# GOAL OF THE EXERCISE
From the records that follow, return exactly the lines beginning at the one that contains "Folding and double" and ending at the one that contains "3-Light Rotatable Modern", pictures left out.

# RECORDS FOR THIS TASK
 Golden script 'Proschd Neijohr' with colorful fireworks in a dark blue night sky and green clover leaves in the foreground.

==

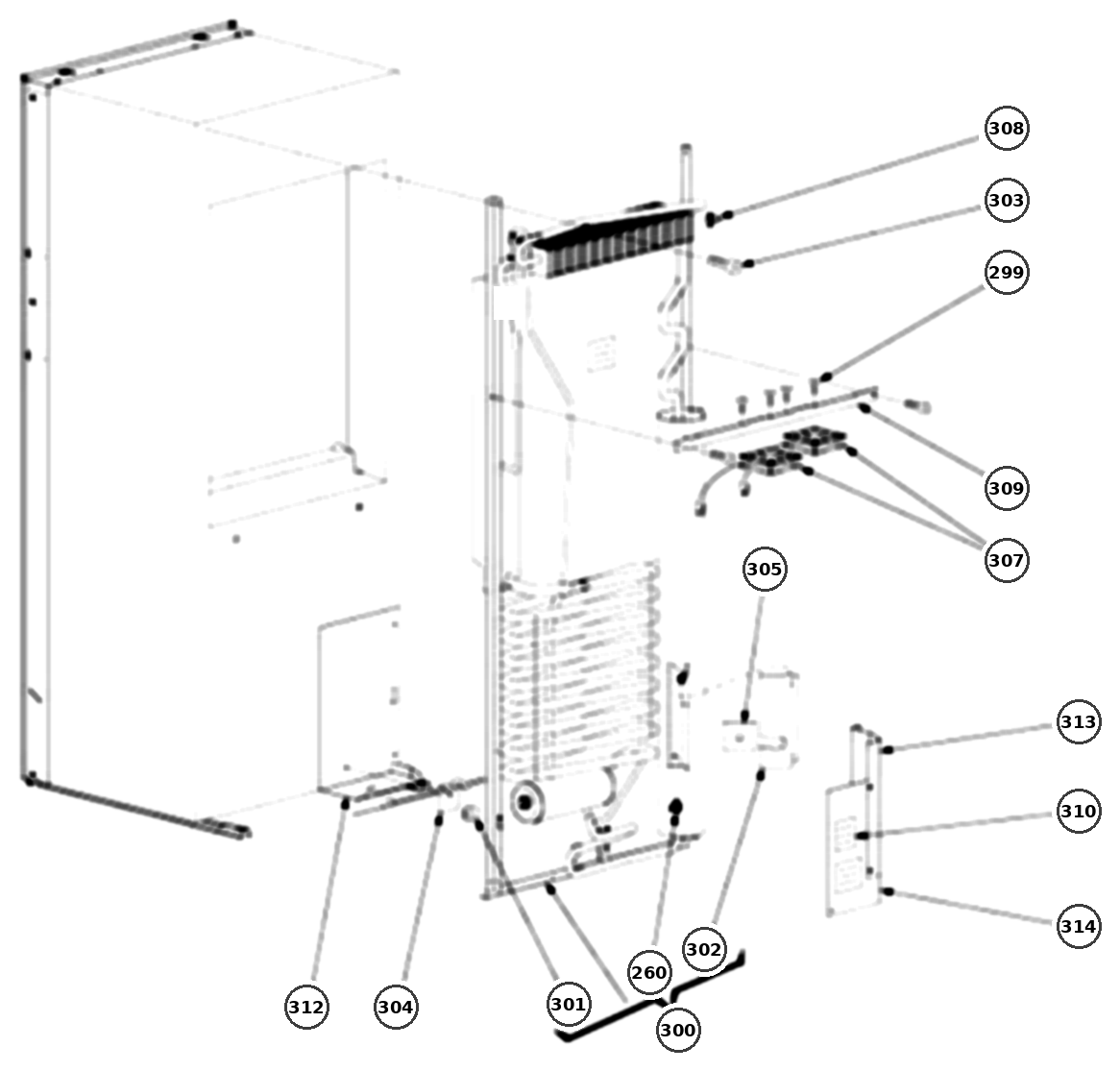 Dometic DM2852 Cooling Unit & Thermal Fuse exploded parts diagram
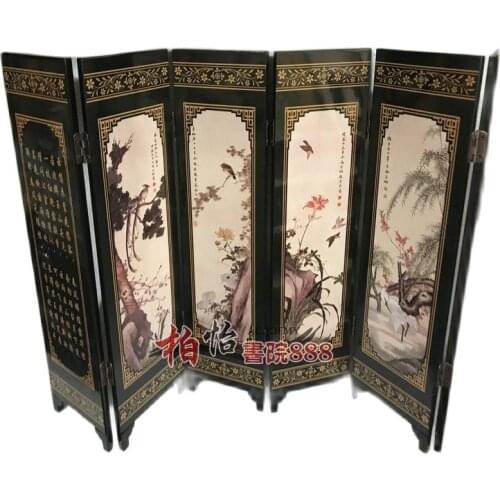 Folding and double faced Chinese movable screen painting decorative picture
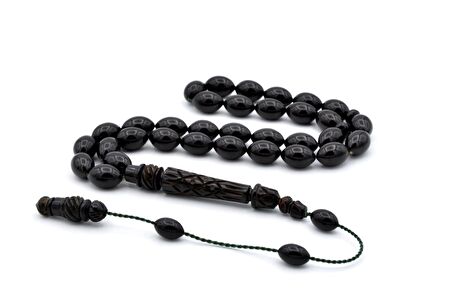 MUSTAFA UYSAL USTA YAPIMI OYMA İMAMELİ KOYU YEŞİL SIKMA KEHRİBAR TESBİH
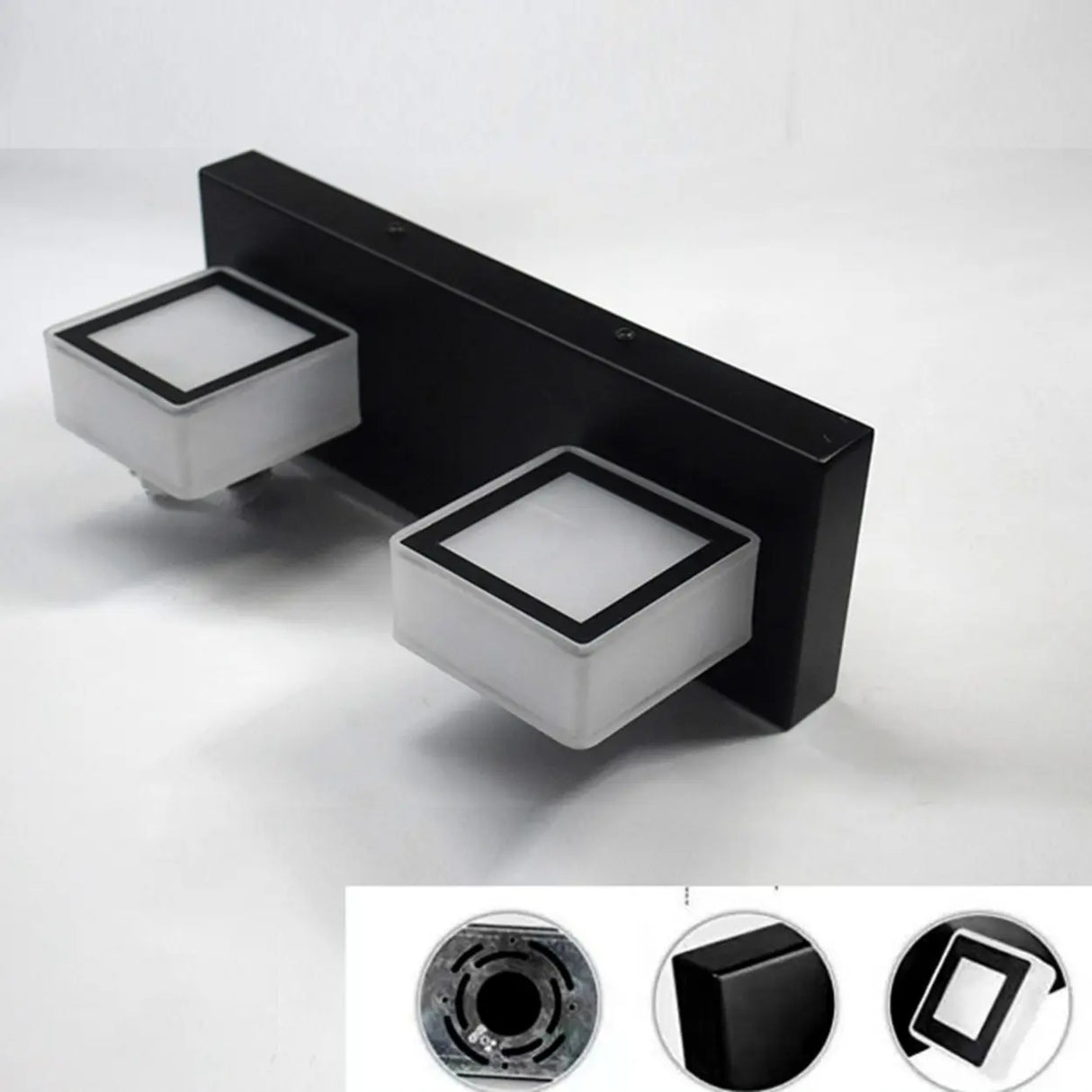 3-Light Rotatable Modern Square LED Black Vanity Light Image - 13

# WRITTEN RESPONSE
 Folding and double faced Chinese movable screen painting decorative picture
 MUSTAFA UYSAL USTA YAPIMI OYMA İMAMELİ KOYU YEŞİL SIKMA KEHRİBAR TESBİH
 3-Light Rotatable Modern Square LED Black Vanity Light Image - 13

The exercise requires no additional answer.